↓

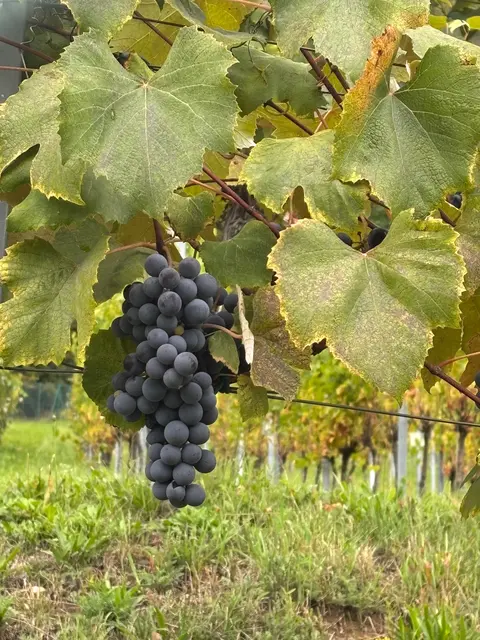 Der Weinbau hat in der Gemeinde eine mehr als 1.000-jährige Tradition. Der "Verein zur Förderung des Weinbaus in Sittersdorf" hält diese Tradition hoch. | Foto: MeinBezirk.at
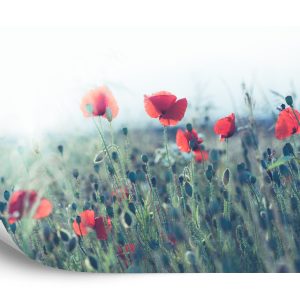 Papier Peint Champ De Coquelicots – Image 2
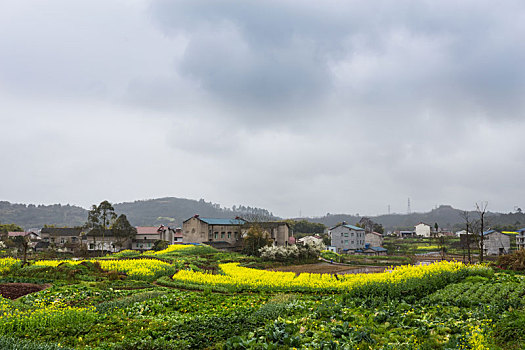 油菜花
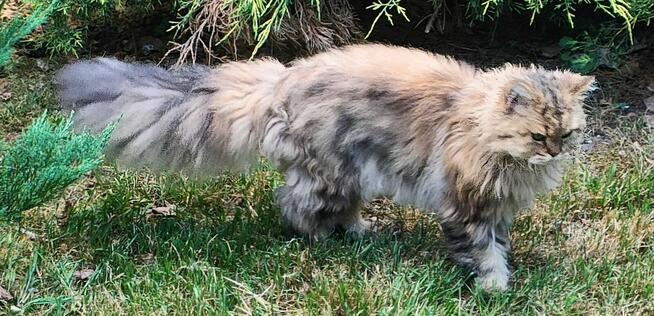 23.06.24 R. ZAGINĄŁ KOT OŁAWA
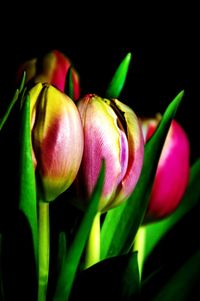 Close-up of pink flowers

↑

• **EXERCISE**: What you return should match the records above word for word, minus the pictures.

• **RESPONSE BOX**:
 Der Weinbau hat in der Gemeinde eine mehr als 1.000-jährige Tradition. Der "Verein zur Förderung des Weinbaus in Sittersdorf" hält diese Tradition hoch. | Foto: MeinBezirk.at
 Papier Peint Champ De Coquelicots – Image 2
 油菜花
 23.06.24 R. ZAGINĄŁ KOT OŁAWA
 Close-up of pink flowers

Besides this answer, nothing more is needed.